China has once again hinted at blocking India's bid to join the elite Nuclear Suppliers' Group (NSG). It has ruled out backing Delhi saying India's membership bid has become "more complicated" under the "new circumstances".

"About the Nuclear Suppliers Group it is a new issue under the new circumstances and it is more complicated than the previously imagined," China's assistant minister of foreign affairs Li Huilai told a news briefing on Monday (5 June), without elaborating what the news circumstances are.

It is not the first time China has moved to thwart India's attempt to join the 48-member NSG.

Last month, Chinese foreign ministry spokesperson Hua Chunying told the media that Beijing had no plans to change its stance on admitting India into the NSG as it has not yet signed the Nuclear Non-Proliferation Treaty (NPT), which is mandatory to gain entry into the nuclear club.

"China's position on the non-NPT members' participation in the NSG has not changed," Hua said when asked about India's chances of gaining entry into the group during this month's plenary session.

The last plenary session was held in the South Korean capital Seoul in June 2016, where China stonewalled India's membership bid although it has the backing of a majority of the members, including the US, UK, Japan and France.

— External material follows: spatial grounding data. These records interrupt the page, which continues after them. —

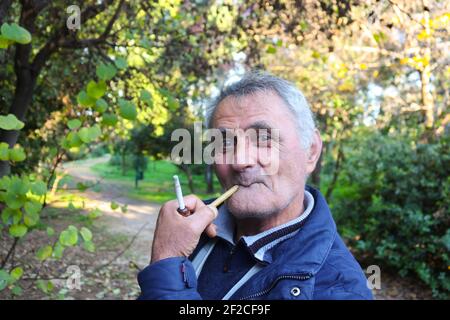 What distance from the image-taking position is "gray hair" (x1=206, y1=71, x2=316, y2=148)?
160cm

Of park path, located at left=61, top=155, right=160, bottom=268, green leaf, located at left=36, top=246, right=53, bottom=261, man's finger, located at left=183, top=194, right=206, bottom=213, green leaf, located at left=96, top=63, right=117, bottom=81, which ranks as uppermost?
green leaf, located at left=96, top=63, right=117, bottom=81

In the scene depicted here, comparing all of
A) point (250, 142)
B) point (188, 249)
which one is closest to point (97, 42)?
point (250, 142)

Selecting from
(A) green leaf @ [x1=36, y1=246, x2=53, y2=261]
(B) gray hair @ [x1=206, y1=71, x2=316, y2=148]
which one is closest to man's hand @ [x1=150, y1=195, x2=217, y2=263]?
(B) gray hair @ [x1=206, y1=71, x2=316, y2=148]

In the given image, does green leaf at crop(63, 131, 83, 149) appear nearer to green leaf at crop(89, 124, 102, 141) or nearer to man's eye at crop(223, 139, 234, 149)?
green leaf at crop(89, 124, 102, 141)

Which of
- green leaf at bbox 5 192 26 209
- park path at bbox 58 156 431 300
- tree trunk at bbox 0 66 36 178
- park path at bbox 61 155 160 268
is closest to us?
green leaf at bbox 5 192 26 209

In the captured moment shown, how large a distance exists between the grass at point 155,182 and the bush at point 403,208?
8335mm

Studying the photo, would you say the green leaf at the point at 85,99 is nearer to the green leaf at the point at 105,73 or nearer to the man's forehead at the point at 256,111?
the green leaf at the point at 105,73

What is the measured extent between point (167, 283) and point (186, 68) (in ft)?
14.2

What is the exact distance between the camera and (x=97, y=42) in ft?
12.6

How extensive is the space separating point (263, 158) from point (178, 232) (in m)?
0.46

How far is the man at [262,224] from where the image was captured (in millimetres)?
1313

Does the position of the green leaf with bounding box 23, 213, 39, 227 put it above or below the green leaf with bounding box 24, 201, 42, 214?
below

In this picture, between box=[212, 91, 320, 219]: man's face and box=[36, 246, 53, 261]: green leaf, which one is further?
box=[36, 246, 53, 261]: green leaf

The leaders took no decision on admitting Delhi into the group as the members remained divided over permitting non-NPT members.

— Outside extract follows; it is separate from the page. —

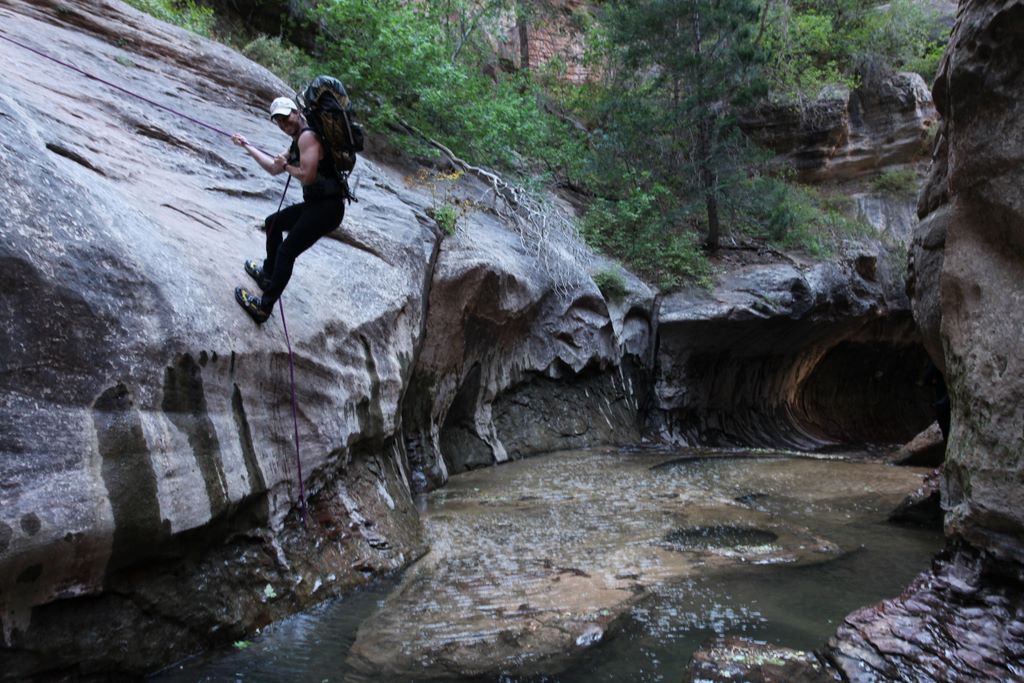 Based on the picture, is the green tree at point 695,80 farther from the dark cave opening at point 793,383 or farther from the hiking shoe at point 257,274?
the hiking shoe at point 257,274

The group takes the consensus approach to admit any new member.

This year's plenary session is scheduled to take place in the Swiss capital Bern later this month.

Pakistan has also sent a bid to join the NSG, but there was no discussion on it during last year's plenary session. While China has not openly supported Islamabad's membership, it suggested coming up with a "two-step" approach.

In the first stage, the NSG members are required to explore and reach an agreement on a non-discriminatory formula applicable to all non-NPT states. In the second stage, they proceed to take up country-specific membership issues.

China has long expressed its readiness to actively participate in this process within the group.

China's comments come ahead of Indian Prime Minister Narendra Modi and Chinese President Xi Jinping's meeting during the Shanghai Cooperation Organisation summit to be held at Astana, the capital of Kazakhstan, on 8-9 June.

Modi's counterpart in Pakistan, Nawaz Sharif, is also expected to attend the summit. It is reported to be the first time India and Pakistan have been accepted as new members of the organisation.